**WORK ORDER**
When you reach the line containing "κάνουμε άλλο ένα", start transcribing exactly and continue through the last line of the data, skipping every picture.

**DATA SHOWN**

****************************************

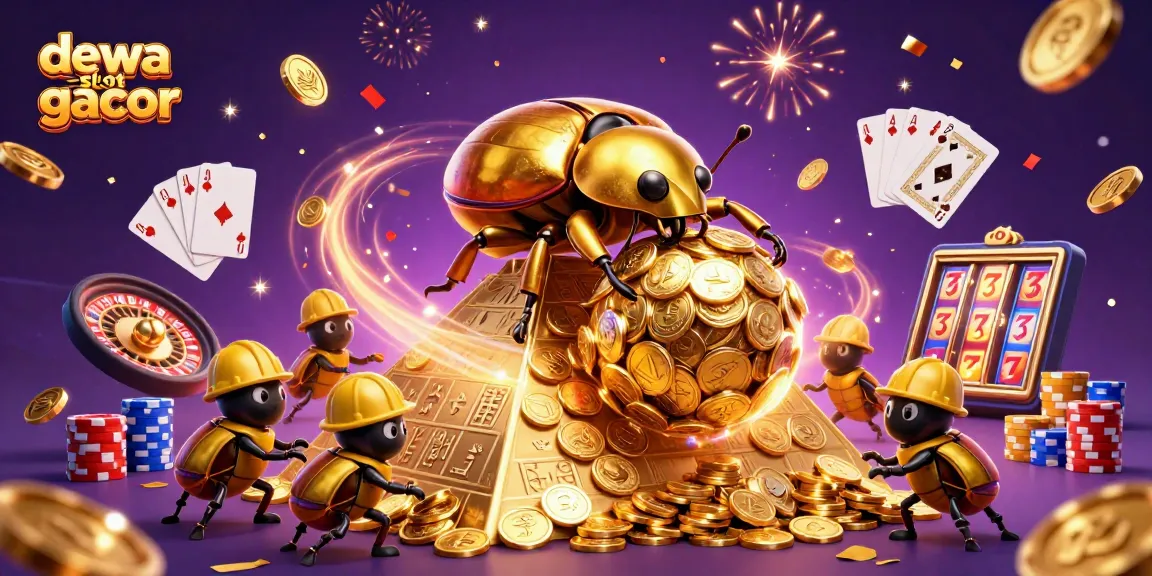 Mengguncang dewa slot gacor dengan keberuntungan dan jackpot yang melimpah dalam dunia perjudian.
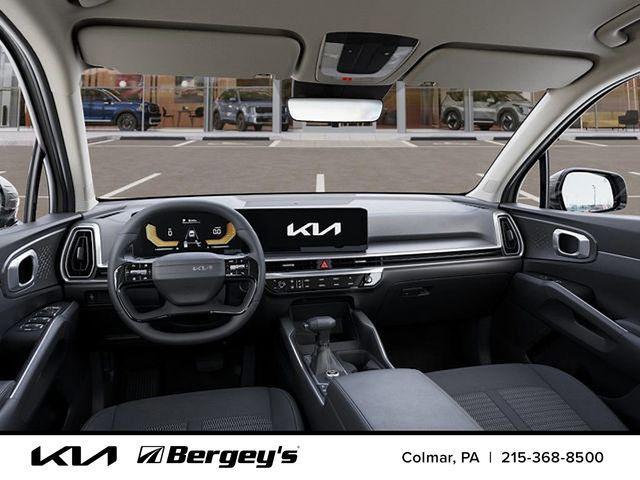new 2026 Kia Sorento car, priced at $34,065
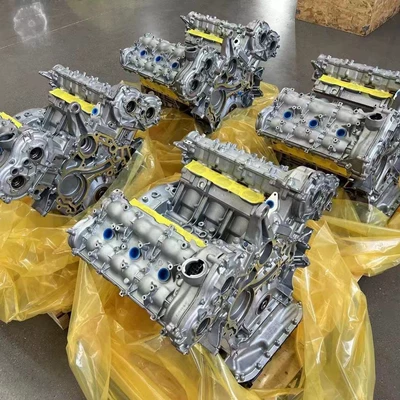 Suitable for Mercedes-Benz Engine assembly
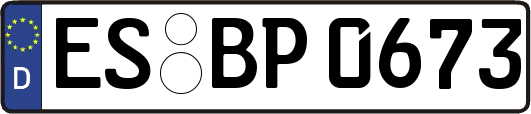 ES-BP0673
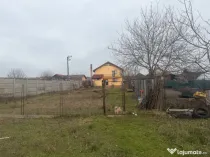 Teren intravilan, 2500 mp, front stradal 30 m, Simnicu de Su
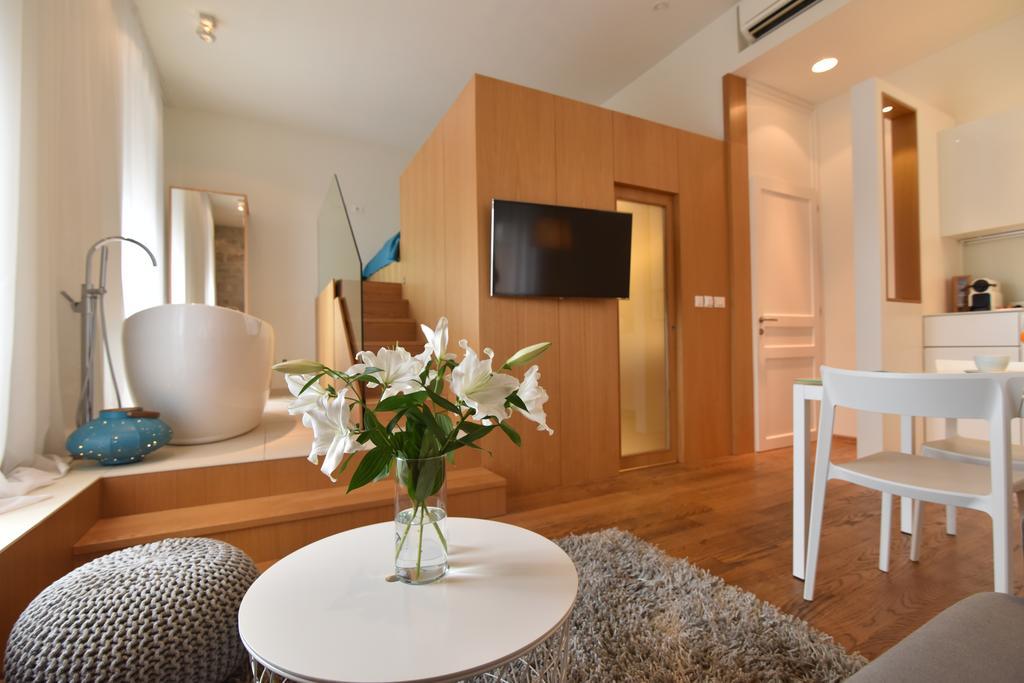 The Bridge Luxury Apartments Zadar Exterior photo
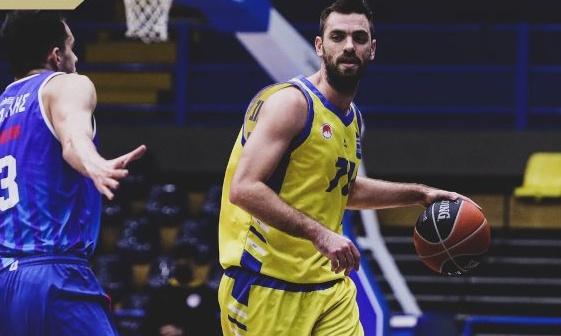 Μάντζαρης: «Να κάνουμε άλλο ένα βήμα μπροστά»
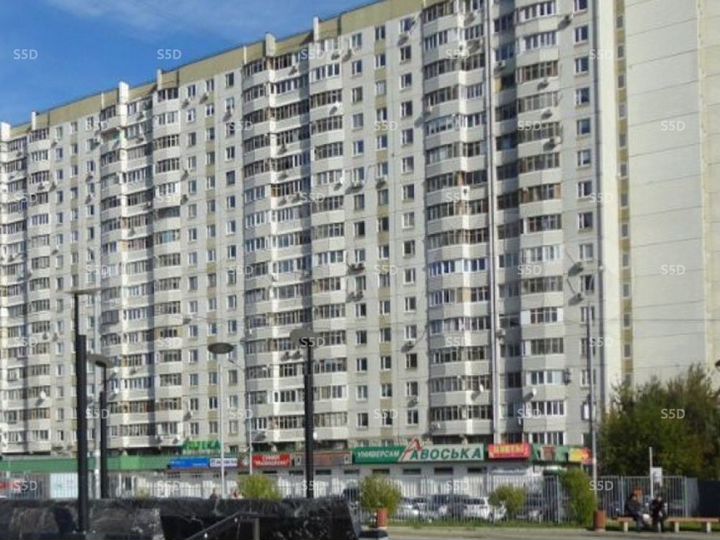 Продам торговое помещение, 61.6 м²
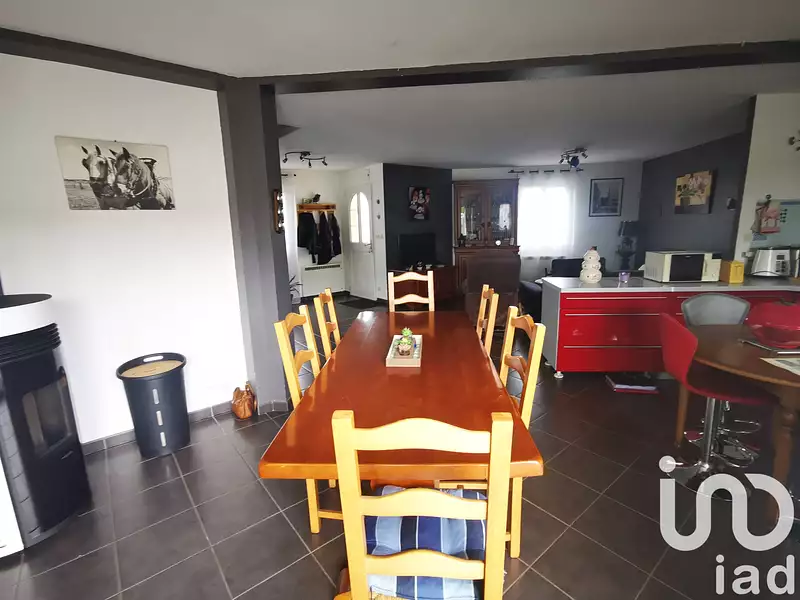 Maison, 107 m²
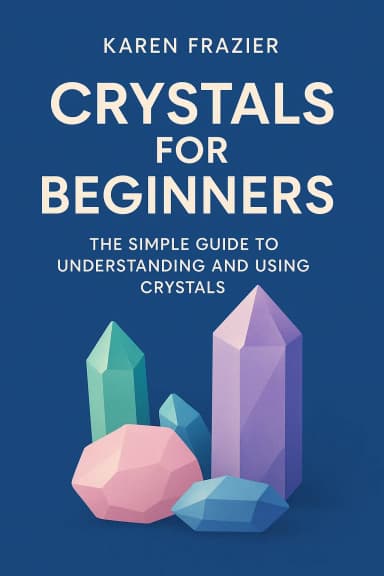 Crystals for Beginners cover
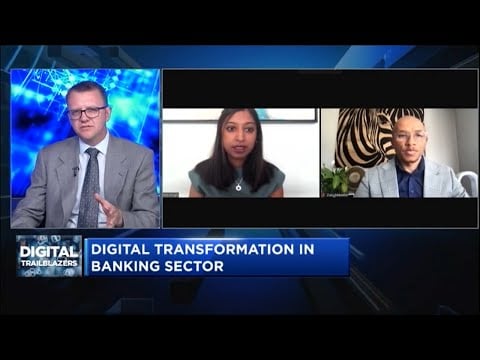 Digital Trailblazers EP3: Digital Transformation in the Banking Sector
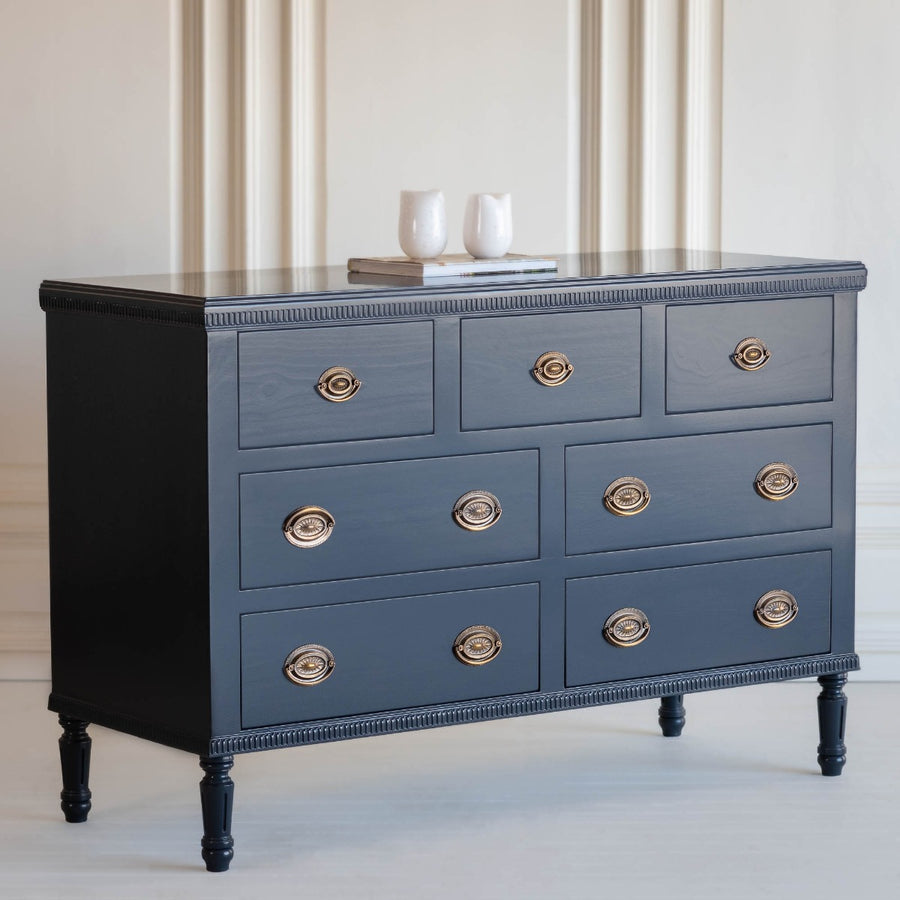 Lovely Louis Extra Wide Dresser Lovely Louis Extra Wide Dresser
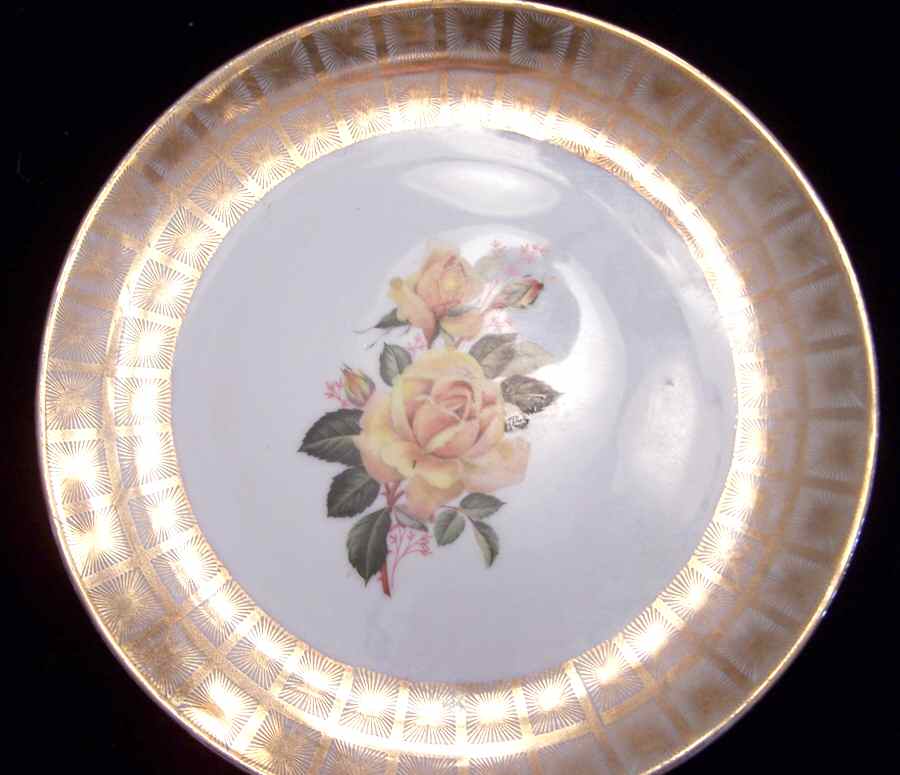 JOH392 Dinner Plate by Johann Haviland-1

****************************************

**EXERCISE RESPONSE**
 Μάντζαρης: «Να κάνουμε άλλο ένα βήμα μπροστά»
 Продам торговое помещение, 61.6 м²
 Maison, 107 m²
 Crystals for Beginners cover
 Digital Trailblazers EP3: Digital Transformation in the Banking Sector
 Lovely Louis Extra Wide Dresser Lovely Louis Extra Wide Dresser
 JOH392 Dinner Plate by Johann Haviland-1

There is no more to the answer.